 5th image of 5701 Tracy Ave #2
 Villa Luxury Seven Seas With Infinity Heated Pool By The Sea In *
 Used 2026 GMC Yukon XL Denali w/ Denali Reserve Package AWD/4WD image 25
...
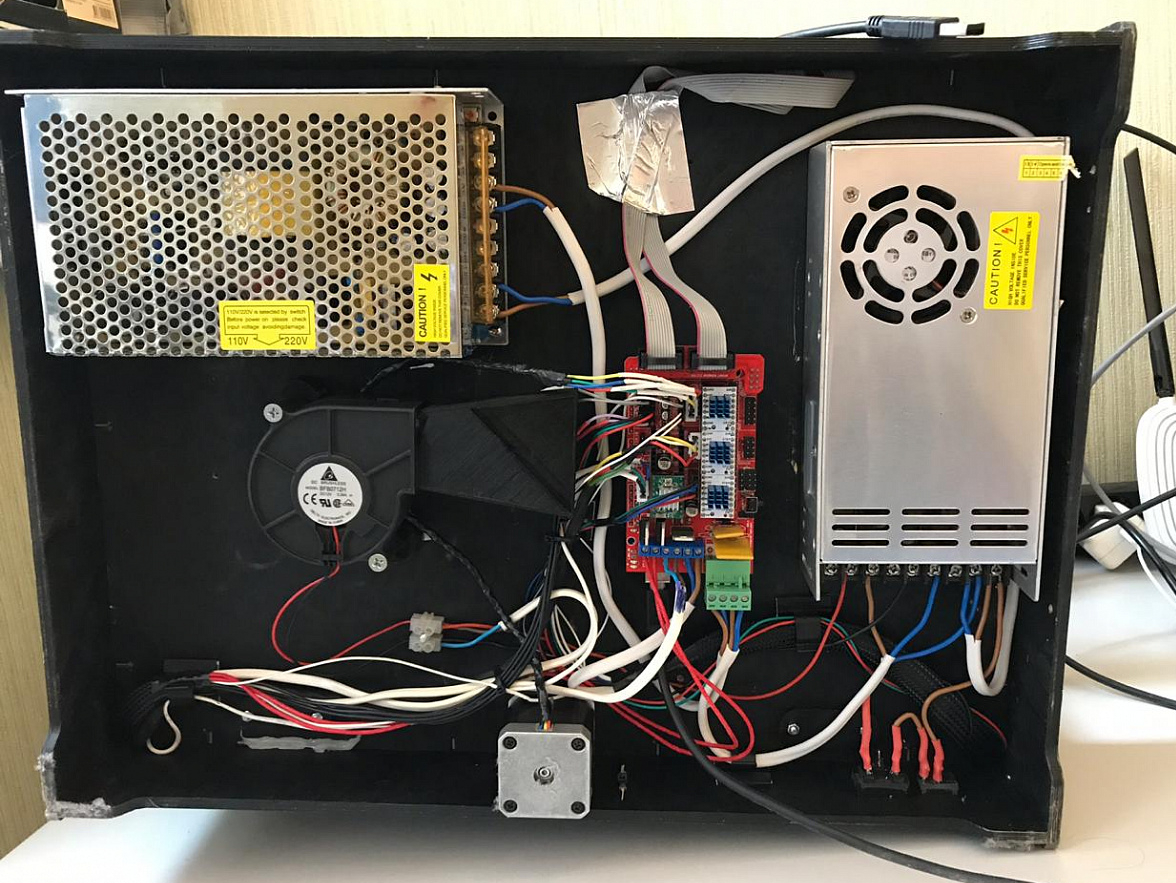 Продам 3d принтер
--
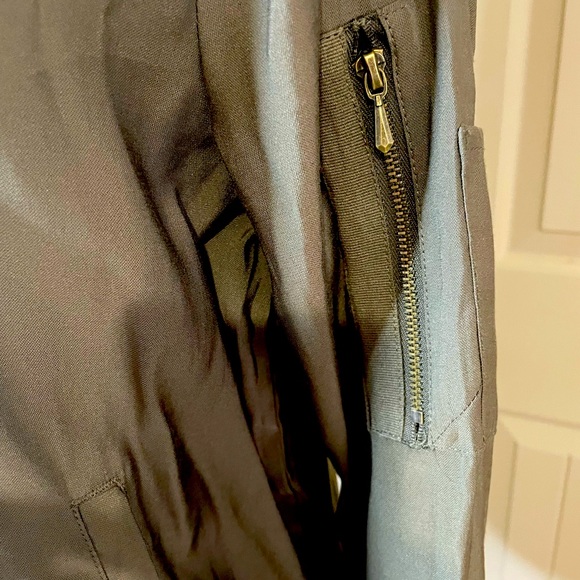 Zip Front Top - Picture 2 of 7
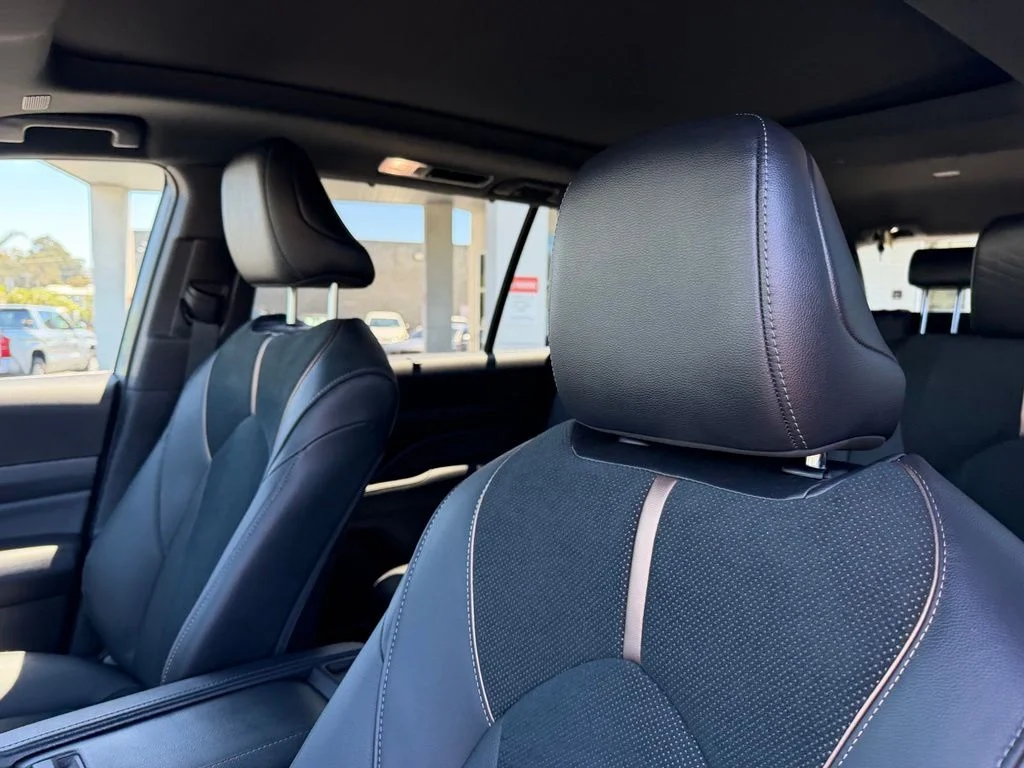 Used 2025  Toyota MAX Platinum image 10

Your instructions — Your task is to retype the entries verbatim, starting with the line that holds "5th image of 5701 Tracy Ave #2" and stopping after the line that holds "Used 2026 GMC".

Answer section —
 5th image of 5701 Tracy Ave #2
 Villa Luxury Seven Seas With Infinity Heated Pool By The Sea In *
 Used 2026 GMC Yukon XL Denali w/ Denali Reserve Package AWD/4WD image 25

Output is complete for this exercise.